EXPLAINED: What to do if your second Covid jab in Germany clashes with your holiday

We're all keen to get our second Covid jab, but what happens if your vaccine appointment falls while you're away from Germany? We take a look at your rights and options.

EXPLAINED: What to do if your second Covid jab in Germany clashes with your holiday
Tourists relax on the beach in Greece, where Birgit H. had planned to have her post-lockdown break. Photo: picture alliance/dpa/XinHua | Lefteris Partsalis

It’s been a long wait for the Covid vaccine rollout in Germany to truly get underway, yet with around 53.6 percent of the population now partially vaccinated, many people feel as if freedom is just around the corner.

But with summer and the school holidays now upon us, there’s another risk: being given an appointment for the second shot at the exact same time you’re flying abroad for a post-lockdown holiday. 
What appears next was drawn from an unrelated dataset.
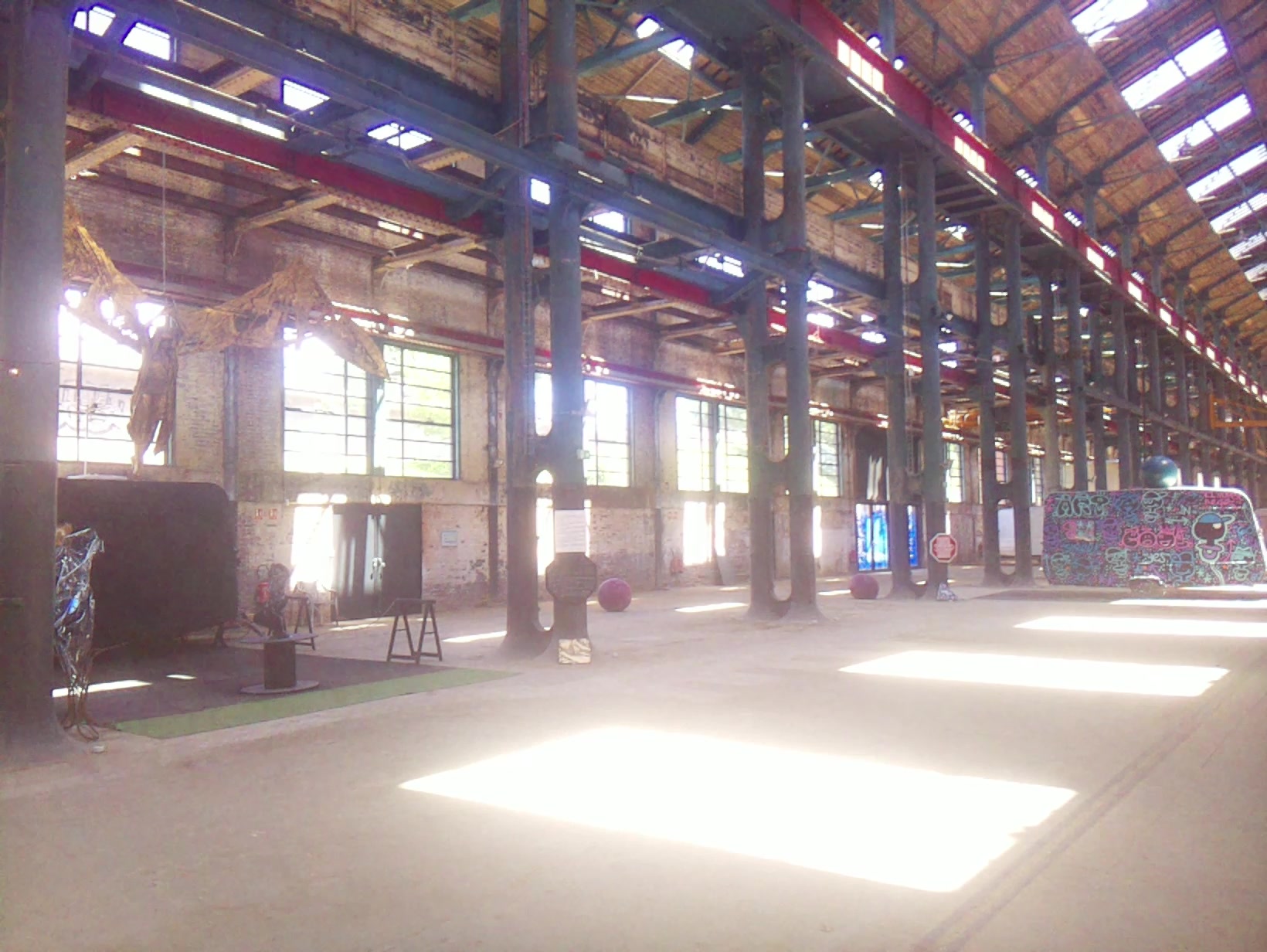 APB! Crime Reference: 685E863CDB5A1. A Metha addict is wanted for lurking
That’s exactly what happened to Birgit H., a resident of Bavaria who shared her story with regional radio station BR24.

Having booked a holiday in Greece a few days after her last dose of vaccine was due, her GP surgery suddenly informed her they had run out of doses, and had to push the appointment back a week. In other words – to the exact same time she was supposed to be on the beach.

READ ALSO: Is Germany set to tighten testing and quarantine travel rules?

If you’re in Birgit’s position, it may seem like bad luck, but you do have options. Here’s what you need to know about your consumer rights if your second dose coincides with your holiday. 

My doctor offered me a vaccine appointment and then suddenly postponed it – can I take legal action?

According to legal experts, vaccine appointments – much like Ikea delivery windows – are considered more of a rough estimation of when you will be seen, rather than a cast-iron guarantee. 

Vaccination centres and doctors’ surgeries can’t generally be held liable if the appointment you’ve been given isn’t honoured, travel law expert Professor Ronald Schmid of Dresden Technical University told BR24. 

What about travel insurance? Will that help?

Since the Covid-19 pandemic came to Europe, travel insurance has provided tourists with a sense that they can hedge their bets against ongoing uncertainty – such as sudden outbreaks of the pandemic, travel bans or falling ill.

In reality, however, travel insurance policies don’t tend to account for every eventuality, and it’s quite unlikely that they’d reimburse a missed holiday due to a vaccination appointment. 

That’s according to Julia Zeller, a lawyer from the Bavarian Consumer Advice Centre, who spoke to BR24 about the issue. In most cases, your travel insurance will cover you if you get ill ahead of your trip abroad, and in Zeller’s view, it’s unlikely that this would stretch to include vaccinations.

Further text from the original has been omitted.